В нашем отделении было 3 узбека, 2 киргиза, 3 русских и 1 мордвин. Командир взвода был татарин. Народ все необстрелянный. Кроме командира взвода и меня, никто не был в боях.
10 июля, когда мы подходили к реке Зуше, мы впервые попали под минометный и артиллерийский огонь противника. Впереди нас шла 380 дивизия. 11 и 12 июля она прорвала укрепленную линию врага, форсировала реку Зушу и вступила на противоположный ее берег. Мы шли вслед за 380 дивизией в качестве ее резерва с временным интервалом в 12–14 часов. Примерно через полсуток после того, как 380‑я дивизия захватила первую линию немецкой обороны, мы уже занимали эти линии как резерв.
11–12, 13 июля наш полк подвергался непрерывными воздушным атакам. Немецкие самолеты буквально истязали нас, а поскольку основная масса бойцов не была раньше в боях, это вносило элементы некоторого замешательства из-за неуменья вести себя при воздушной бомбежке.
Наконец, 13 июля мы прорвались сквозь зону воздушных атак и сумели занять тот боевой участок, который нам был назначен. 13 июля мы прорвались сквозь зону воздушных атак и сумели занять тот боевой участок, который нам был назначен. 13 июля вечером другой батальон нашего полка вступил в бой.

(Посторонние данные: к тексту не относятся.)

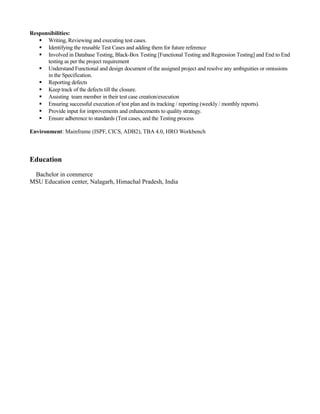 Responsibilities:
 Writing, Reviewing and executing test cases.
 Identifying the reusable Test Cases and adding them for future reference
 Involved in Database Testing, Black-Box Testing [Functional Testing and Regression Testing] and End to End
testing as per the project requirement
 Understand Functional and design document of the assigned project and resolve any ambiguities or omissions
in the Specification.
 Reporting defects
 Keep track of the defects till the closure.
 Assisting team member in their test case creation/execution
 Ensuring successful execution of test plan and its tracking / reporting (weekly / monthly reports).
 Provide input for improvements and enhancements to quality strategy.
 Ensure adherence to standards (Test cases, and the Testing process
Environment: Mainframe (ISPF, CICS, ADB2), TBA 4.0, HRO Workbench
Education
Bachelor in commerce
MSU Education center, Nalagarh, Himachal Pradesh, India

14 июля утром наша рота занимала исходное положение, и я понял, что скоро наступит момент нашего соприкосновения с противником. Этот момент представлялся для меня очень тяжелым. В армии я уже полтора года. Я пережил оборону Сталинграда на самом страшном участке – на заводе «Баррикады», но будучи у себя в дивизии «журналистом», я в большинстве случаев выполнял функции, связанные с моей литературной работой и, находясь на самых опасных участках, наблюдал, а не действовал. А тут впервые я понял, что мне нужно реально делать то, что делает изо дня в день пехотный солдат в течение всей войны и что я видел только издали. Это меня до некоторой степени обескураживало. Мне 40 лет с лишком, физически я гораздо слабее большинства моих сверстников, я «неисправимый интеллигент» и, сколько я ни старался, даже будучи рядовым, понять и усвоить многие навыки, связанные с физическими действиями, навыки простые для людей из широких масс народа, я оставался в этой области бездарным и в большинстве случаев становился предметом со стороны других бойцов. Бойцы даже не понимали, что бывают люди, которые не умеют обращаться с лошадью, которые не умеют держать в руках лопату, которые по каждому пустому поводу обращаются к ним с вопросом, как нужно это делать?.. Умел собрать и разобрать винтовку, два раза бросал гранату и это, кажется, все. Ни ползать по-пластунски, ни делать пробежки я не умел, хотя и знал, для чего это делается.